*** Input Section Begins ***

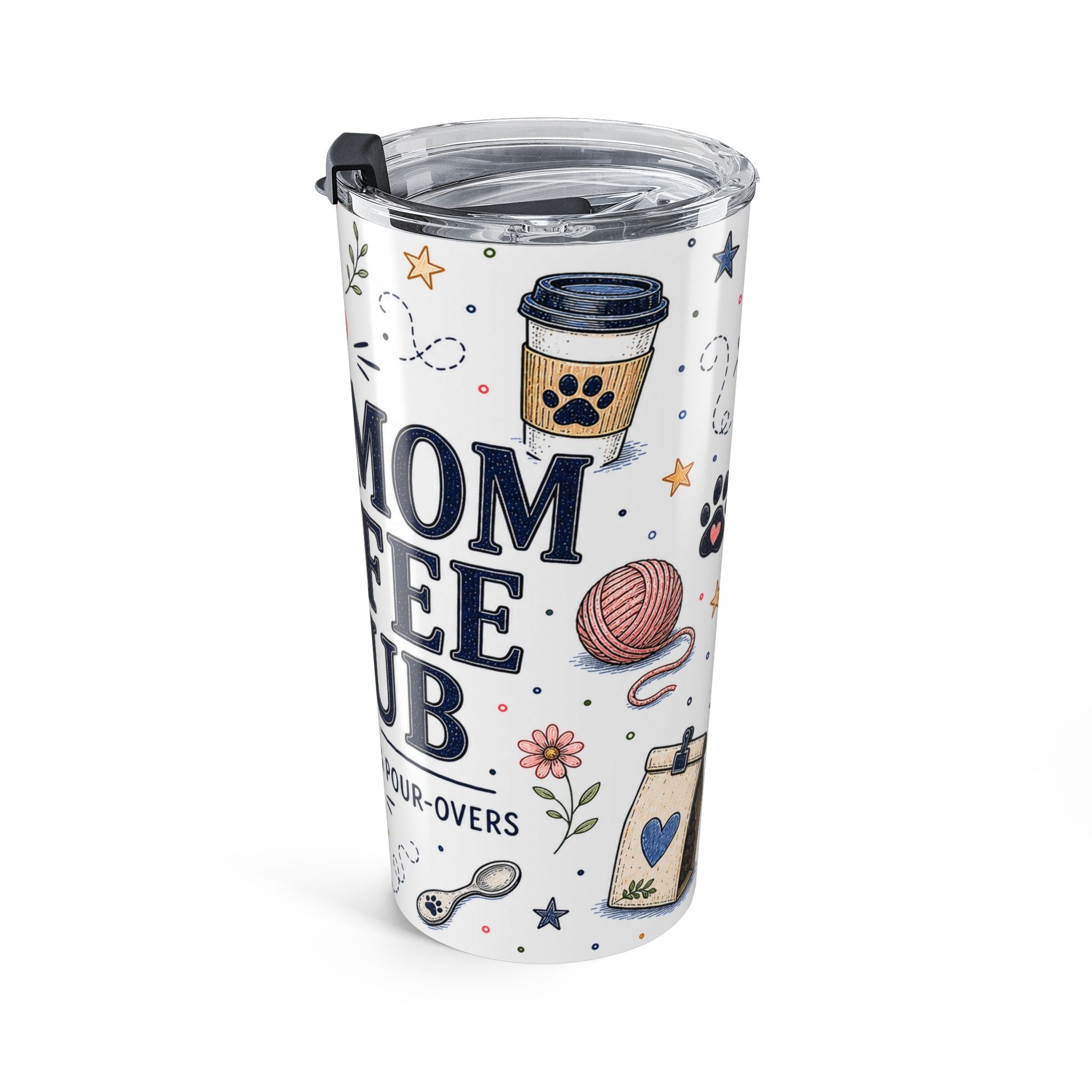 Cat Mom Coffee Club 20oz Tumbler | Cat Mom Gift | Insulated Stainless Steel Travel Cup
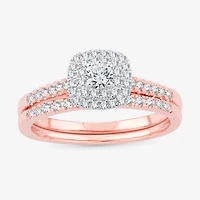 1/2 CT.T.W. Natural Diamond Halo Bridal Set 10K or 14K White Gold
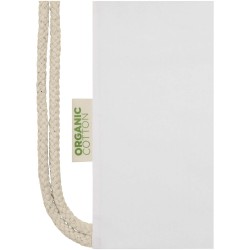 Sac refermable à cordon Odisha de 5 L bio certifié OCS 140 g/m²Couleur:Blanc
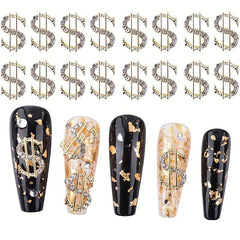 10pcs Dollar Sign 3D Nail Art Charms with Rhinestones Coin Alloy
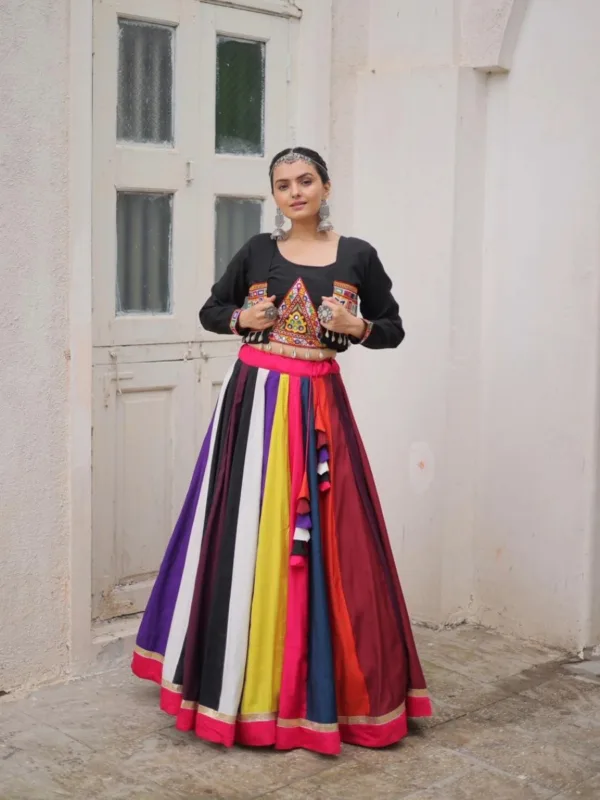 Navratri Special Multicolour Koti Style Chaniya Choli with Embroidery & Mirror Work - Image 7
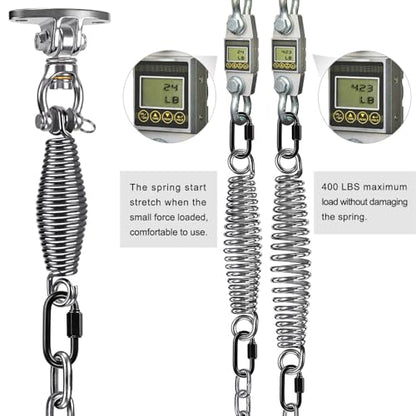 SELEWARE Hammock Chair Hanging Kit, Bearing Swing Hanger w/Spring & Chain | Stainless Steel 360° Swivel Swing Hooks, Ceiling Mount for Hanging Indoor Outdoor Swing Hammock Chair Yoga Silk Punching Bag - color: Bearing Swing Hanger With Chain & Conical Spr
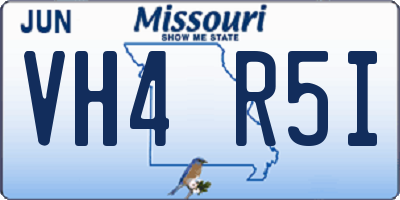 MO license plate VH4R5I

*** Input Section Ends ***
*** Input Section Begins ***

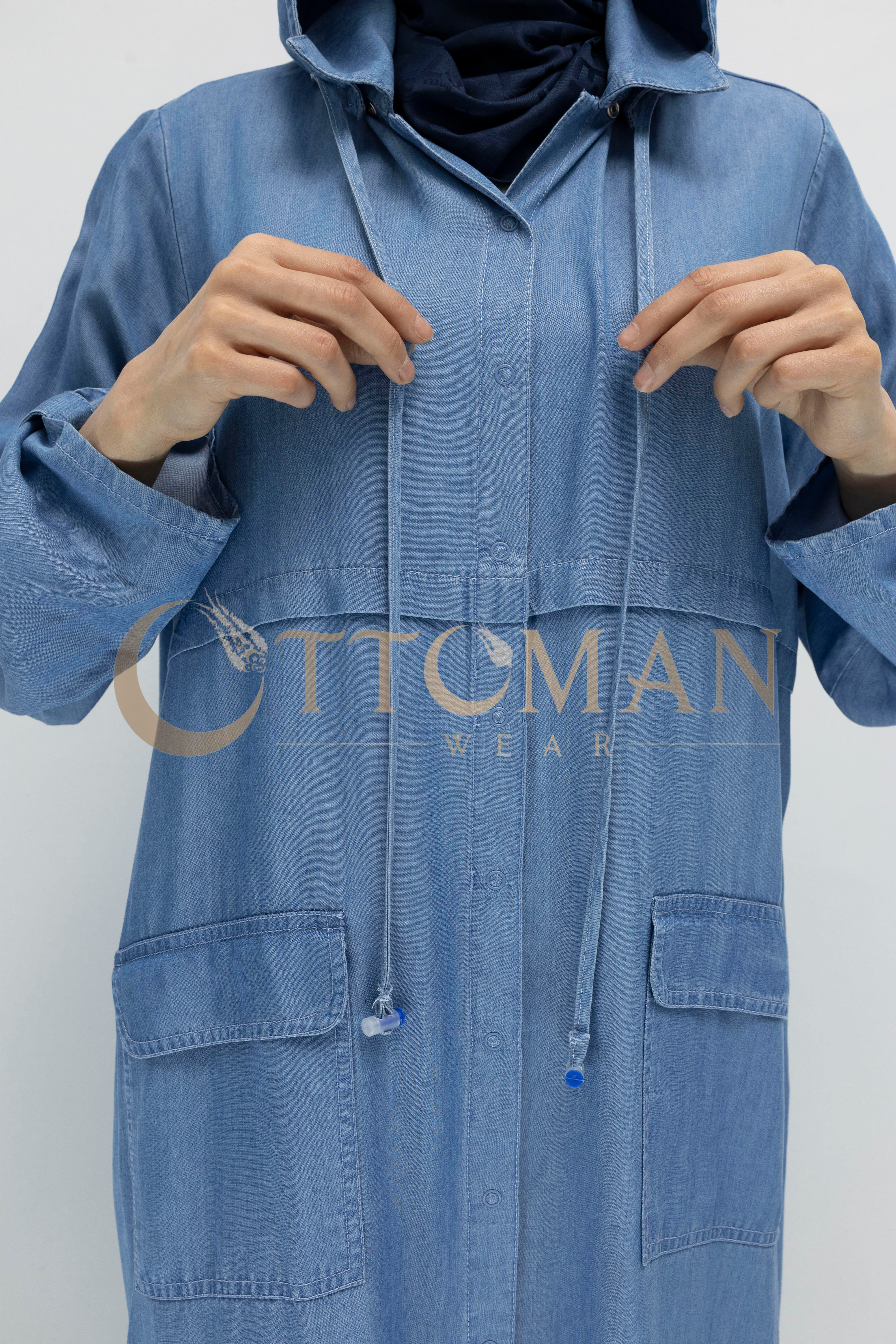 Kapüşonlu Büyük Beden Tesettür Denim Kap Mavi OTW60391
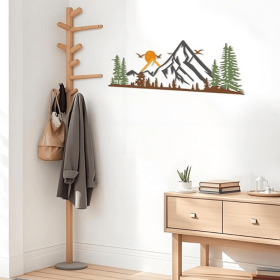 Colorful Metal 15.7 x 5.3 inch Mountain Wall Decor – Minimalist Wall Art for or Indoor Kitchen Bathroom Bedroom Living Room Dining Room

*** Input Section Ends ***
*** Input Section Begins ***

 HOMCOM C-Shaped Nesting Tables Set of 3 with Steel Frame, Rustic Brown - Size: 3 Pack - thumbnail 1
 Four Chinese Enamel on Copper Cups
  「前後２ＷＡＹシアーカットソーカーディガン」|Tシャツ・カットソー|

*** Input Section Ends ***

__Task instructions__
Output only the lines above from the one containing "Cat Mom Coffee" to the one containing "MO license plate VH4R5I", both included, exactly as written and with no pictures.

__Exercise response__
 Cat Mom Coffee Club 20oz Tumbler | Cat Mom Gift | Insulated Stainless Steel Travel Cup
 1/2 CT.T.W. Natural Diamond Halo Bridal Set 10K or 14K White Gold
 Sac refermable à cordon Odisha de 5 L bio certifié OCS 140 g/m²Couleur:Blanc
 10pcs Dollar Sign 3D Nail Art Charms with Rhinestones Coin Alloy
 Navratri Special Multicolour Koti Style Chaniya Choli with Embroidery & Mirror Work - Image 7
 SELEWARE Hammock Chair Hanging Kit, Bearing Swing Hanger w/Spring & Chain | Stainless Steel 360° Swivel Swing Hooks, Ceiling Mount for Hanging Indoor Outdoor Swing Hammock Chair Yoga Silk Punching Bag - color: Bearing Swing Hanger With Chain & Conical Spr
 MO license plate VH4R5I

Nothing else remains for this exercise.